Jordan Stephens’ energetic and unguarded memoir brings to mind two classic pop songs: Jimmy Ruffin’s What Becomes of the Broken Hearted and Bob and Marcia’s Young, Gifted and Black. Answering to the latter description can be costly, Stephens shows. The small print on the price tag of the fame that comes alongside it reads: you will develop an entitled and irresistible “desire to fuck everything”, with lasting damage to your mental health.
In the past, Stephens has been open about his struggles as part of his online campaign #IAMWHOLE, aimed at tackling the stigma of mental illness and ADHD, with which he was diagnosed in childhood. Now the musician and actor has written a memoir whose title has the same initials, but here they don’t stand for “attention deficit hyperactivity disorder”. Instead, A is for avoidance (of responsibility), D is for drugs (“cocaine cushioned the chaos” of life), H for heartbreak (the book’s animating story), and D for dogs (his is special, “incredibly chill.
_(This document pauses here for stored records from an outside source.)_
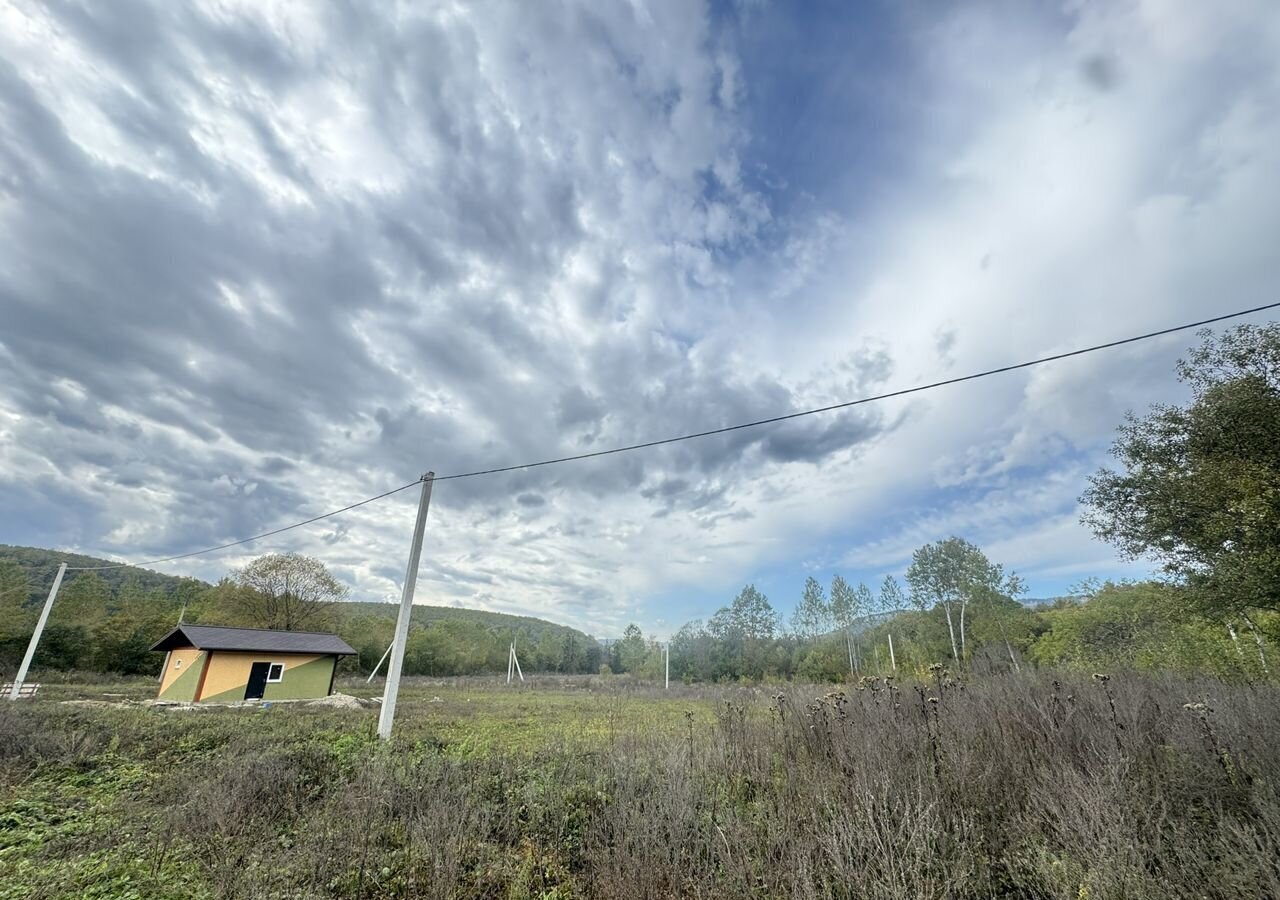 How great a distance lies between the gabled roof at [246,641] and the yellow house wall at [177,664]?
280 mm

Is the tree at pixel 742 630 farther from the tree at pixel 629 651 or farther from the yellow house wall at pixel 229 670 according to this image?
the yellow house wall at pixel 229 670

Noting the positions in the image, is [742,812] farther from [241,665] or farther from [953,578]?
[953,578]

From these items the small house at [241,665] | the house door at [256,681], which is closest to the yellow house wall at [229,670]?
the small house at [241,665]

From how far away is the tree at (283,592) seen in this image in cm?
3434

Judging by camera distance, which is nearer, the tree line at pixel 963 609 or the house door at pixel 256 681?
the tree line at pixel 963 609

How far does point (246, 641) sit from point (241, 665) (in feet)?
4.32

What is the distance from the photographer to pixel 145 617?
32.3 m

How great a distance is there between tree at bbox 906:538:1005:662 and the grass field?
29.4m

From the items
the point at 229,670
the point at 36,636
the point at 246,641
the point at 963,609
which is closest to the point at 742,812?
the point at 229,670

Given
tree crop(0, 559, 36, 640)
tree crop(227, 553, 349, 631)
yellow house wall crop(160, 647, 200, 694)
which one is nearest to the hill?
tree crop(0, 559, 36, 640)

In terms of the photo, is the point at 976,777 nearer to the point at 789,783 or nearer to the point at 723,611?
the point at 789,783

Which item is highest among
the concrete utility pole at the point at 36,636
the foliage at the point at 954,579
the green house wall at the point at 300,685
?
the foliage at the point at 954,579

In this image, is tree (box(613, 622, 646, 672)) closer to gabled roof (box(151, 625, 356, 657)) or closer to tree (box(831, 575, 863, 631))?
tree (box(831, 575, 863, 631))

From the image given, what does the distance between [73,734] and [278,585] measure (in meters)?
30.1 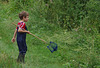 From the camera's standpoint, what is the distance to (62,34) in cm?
734

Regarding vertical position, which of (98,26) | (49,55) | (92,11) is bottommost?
(49,55)

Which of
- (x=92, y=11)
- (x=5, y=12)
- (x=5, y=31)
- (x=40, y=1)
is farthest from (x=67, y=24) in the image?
(x=5, y=12)

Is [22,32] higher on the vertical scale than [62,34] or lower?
higher

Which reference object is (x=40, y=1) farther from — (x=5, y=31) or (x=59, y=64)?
(x=59, y=64)

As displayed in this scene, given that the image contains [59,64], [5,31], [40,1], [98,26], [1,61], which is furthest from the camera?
[40,1]

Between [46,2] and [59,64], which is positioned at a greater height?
[46,2]

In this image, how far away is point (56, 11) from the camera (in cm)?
851

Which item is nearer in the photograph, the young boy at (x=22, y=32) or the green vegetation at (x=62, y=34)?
the young boy at (x=22, y=32)

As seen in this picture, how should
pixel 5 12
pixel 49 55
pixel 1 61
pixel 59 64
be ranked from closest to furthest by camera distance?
pixel 1 61, pixel 59 64, pixel 49 55, pixel 5 12

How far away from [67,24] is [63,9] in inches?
28.0

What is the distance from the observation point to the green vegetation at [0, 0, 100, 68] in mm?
5336

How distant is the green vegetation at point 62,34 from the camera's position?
5.34 metres

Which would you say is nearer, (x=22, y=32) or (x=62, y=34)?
(x=22, y=32)

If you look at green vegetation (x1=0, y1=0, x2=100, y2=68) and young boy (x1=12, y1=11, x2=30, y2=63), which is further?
green vegetation (x1=0, y1=0, x2=100, y2=68) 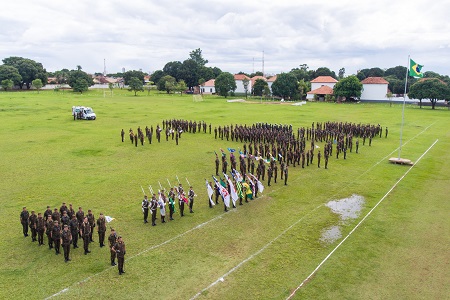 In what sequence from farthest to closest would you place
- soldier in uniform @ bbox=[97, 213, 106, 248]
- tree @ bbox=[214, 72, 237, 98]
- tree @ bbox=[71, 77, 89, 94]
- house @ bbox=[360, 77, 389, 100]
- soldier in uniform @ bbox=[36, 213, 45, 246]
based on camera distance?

Could be Buddhist”).
It is a portrait of the artist as a struggling, solipsistic young man who grew up in the full glare of public attention as one half of the exuberant teenage rap duo Rizzle Kicks. The early highs of fandom and a debut album selling more than 600,000 copies recede as he slides into adulthood, enduring wounding conflicts with family and friends, and too often “trying desperately to follow a group of total strangers to a moderately famous person’s house. Just to do more drugs. And entertain empty possibilities.”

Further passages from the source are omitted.